# Condo Association Bid



## lrwilson27 (Mar 3, 2014)

Im not familiar with bidding condo associations. We mostly do residential and commercial but have gotten the lawn care contract for this place and they also want us to do snow removal. Id like to see how close my figures are. This bid includes the private road, driveways, and walk ways. There is a total of about 80k sq ft being pushed/shoveled. The number I came up with was $400 starting at 2 inches up to 4 inches and then $50 for each additional inch. What do you guys think?


----------



## B-2 Lawncare (Feb 11, 2012)

So is it just the stuff in side the yellow line? 
Even if it is 400 is way to cheep. You guys are supposed to get a lot of snow this winter. For every thing in side of the yellow line I bid that at 800 for 2 to 4"


----------



## John_DeereGreen (Jan 2, 2011)

All machine and hand work for $400? And $50 an inch after 4 inches?

Seems cheap to me.


----------



## LapeerLandscape (Dec 29, 2012)

I dont like to put dollar figures on things for other people but more of how long will it take you and you can adapt your rate to that. 

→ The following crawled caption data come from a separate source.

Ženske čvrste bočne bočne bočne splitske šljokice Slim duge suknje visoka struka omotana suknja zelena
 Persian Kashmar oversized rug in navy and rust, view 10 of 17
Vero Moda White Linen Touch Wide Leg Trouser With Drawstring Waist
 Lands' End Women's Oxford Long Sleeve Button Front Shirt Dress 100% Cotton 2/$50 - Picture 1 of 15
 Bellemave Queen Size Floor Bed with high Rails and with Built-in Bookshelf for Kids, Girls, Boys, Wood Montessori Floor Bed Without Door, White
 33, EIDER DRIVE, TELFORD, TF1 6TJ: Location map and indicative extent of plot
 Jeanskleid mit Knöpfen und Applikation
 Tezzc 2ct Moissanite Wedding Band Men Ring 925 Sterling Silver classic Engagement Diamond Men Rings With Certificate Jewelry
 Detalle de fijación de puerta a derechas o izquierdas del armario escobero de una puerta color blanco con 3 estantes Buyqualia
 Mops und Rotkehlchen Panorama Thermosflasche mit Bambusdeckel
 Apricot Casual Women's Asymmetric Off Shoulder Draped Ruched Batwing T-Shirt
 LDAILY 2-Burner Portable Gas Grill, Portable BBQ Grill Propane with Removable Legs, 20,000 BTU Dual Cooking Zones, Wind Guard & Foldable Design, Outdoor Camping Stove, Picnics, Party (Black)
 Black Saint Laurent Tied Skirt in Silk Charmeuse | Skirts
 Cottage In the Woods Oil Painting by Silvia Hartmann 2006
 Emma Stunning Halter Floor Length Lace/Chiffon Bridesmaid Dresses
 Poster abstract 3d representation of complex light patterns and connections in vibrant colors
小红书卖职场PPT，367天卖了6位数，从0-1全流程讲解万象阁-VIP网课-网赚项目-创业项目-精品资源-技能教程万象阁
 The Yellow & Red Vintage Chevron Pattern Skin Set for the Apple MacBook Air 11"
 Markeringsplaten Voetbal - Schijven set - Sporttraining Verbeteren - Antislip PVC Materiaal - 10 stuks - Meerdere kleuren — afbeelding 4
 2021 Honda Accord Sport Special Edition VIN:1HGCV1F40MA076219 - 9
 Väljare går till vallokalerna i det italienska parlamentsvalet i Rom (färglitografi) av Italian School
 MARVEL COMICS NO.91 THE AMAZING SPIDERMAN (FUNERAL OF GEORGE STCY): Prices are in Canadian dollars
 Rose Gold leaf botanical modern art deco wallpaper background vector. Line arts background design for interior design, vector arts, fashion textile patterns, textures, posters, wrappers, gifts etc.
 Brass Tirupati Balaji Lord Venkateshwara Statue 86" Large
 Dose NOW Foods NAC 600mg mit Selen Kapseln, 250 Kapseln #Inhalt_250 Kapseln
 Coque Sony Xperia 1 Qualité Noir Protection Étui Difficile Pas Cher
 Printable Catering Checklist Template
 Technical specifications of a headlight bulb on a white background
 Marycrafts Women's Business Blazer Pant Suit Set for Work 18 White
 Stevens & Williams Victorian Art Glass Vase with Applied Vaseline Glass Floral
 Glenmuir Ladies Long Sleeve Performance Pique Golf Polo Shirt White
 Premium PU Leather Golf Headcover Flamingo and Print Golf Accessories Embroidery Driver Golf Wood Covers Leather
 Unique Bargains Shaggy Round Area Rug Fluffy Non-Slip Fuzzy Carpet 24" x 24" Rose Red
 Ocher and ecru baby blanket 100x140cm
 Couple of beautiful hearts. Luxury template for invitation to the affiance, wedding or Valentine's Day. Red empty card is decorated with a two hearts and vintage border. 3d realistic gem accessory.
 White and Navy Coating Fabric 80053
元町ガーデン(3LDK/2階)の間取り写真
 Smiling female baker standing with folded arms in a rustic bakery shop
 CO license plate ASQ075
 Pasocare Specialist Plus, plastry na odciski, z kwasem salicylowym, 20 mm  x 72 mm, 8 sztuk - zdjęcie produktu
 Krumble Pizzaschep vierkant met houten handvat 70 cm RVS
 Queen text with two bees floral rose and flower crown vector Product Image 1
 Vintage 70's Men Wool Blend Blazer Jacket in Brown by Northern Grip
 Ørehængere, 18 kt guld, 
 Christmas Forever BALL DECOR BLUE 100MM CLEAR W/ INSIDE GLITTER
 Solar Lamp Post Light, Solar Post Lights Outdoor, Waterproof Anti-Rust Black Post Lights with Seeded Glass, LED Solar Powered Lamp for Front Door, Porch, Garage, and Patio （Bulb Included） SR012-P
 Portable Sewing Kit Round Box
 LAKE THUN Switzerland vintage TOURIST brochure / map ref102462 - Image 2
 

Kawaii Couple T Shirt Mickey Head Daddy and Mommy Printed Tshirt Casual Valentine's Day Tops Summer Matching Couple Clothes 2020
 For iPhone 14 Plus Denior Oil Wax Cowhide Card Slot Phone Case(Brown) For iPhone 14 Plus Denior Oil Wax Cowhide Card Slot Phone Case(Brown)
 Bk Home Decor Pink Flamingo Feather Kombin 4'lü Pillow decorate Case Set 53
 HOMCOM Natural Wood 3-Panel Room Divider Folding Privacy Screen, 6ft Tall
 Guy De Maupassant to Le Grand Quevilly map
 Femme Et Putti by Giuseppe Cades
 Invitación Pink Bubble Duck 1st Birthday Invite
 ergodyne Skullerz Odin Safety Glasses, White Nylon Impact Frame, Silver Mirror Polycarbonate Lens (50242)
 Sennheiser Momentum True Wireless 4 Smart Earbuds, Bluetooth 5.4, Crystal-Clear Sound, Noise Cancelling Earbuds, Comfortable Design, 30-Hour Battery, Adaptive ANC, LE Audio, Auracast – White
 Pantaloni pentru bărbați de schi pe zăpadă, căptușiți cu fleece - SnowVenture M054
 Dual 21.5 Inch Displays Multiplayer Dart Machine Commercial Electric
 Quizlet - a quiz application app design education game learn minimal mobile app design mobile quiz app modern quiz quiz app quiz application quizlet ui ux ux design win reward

That shouldnt take more than an hour or so with a pickup (with a good plow and operator) or skid whatever you use to do the plowing and maybe 2 hours in labor for sidewalks. I didnt see any thing about salting drives or sidewalks.


----------



## Defcon 5 (Mar 20, 2014)

lrwilson27 said:


> Im not familiar with bidding condo associations. We mostly do residential and commercial but have gotten the lawn care contract for this place and they also want us to do snow removal. Id like to see how close my figures are. This bid includes the private road, driveways, and walk ways. There is a total of about 80k sq ft being pushed/shoveled. The number I came up with was $400 starting at 2 inches up to 4 inches and then $50 for each additional inch. What do you guys think?
> 
> View attachment 166195


Couple of questions?....What do you plan on using equipment wise to do this?....How long do you think it will take with said equipment??


----------



## BUFF (Dec 24, 2009)

Defcon 5 said:


> Couple of questions?....What do you plan on using equipment wise to do this?....How long do you think it will take with said equipment??


All very valid and needed to provide feedback.....

OP if you're going to used tier pricing you may want to consider 2or3" increments and bumping the price 40% for every increment. Your $400 for 2-4" becomes $560 for 4-6(or 4-7"), next tier price is $784,etc.....
FWIW you're underselling yourself depending on the scope of service they're looking for.


----------



## lrwilson27 (Mar 3, 2014)

Yes I agree the 400 was too cheap. We have two plow trucks, a bucket tractor with box pusher, and a skid. I want this to be a money maker because i really do not need or want it that badly. I am planning on putting a bid out for about 750 and going up in increments.


----------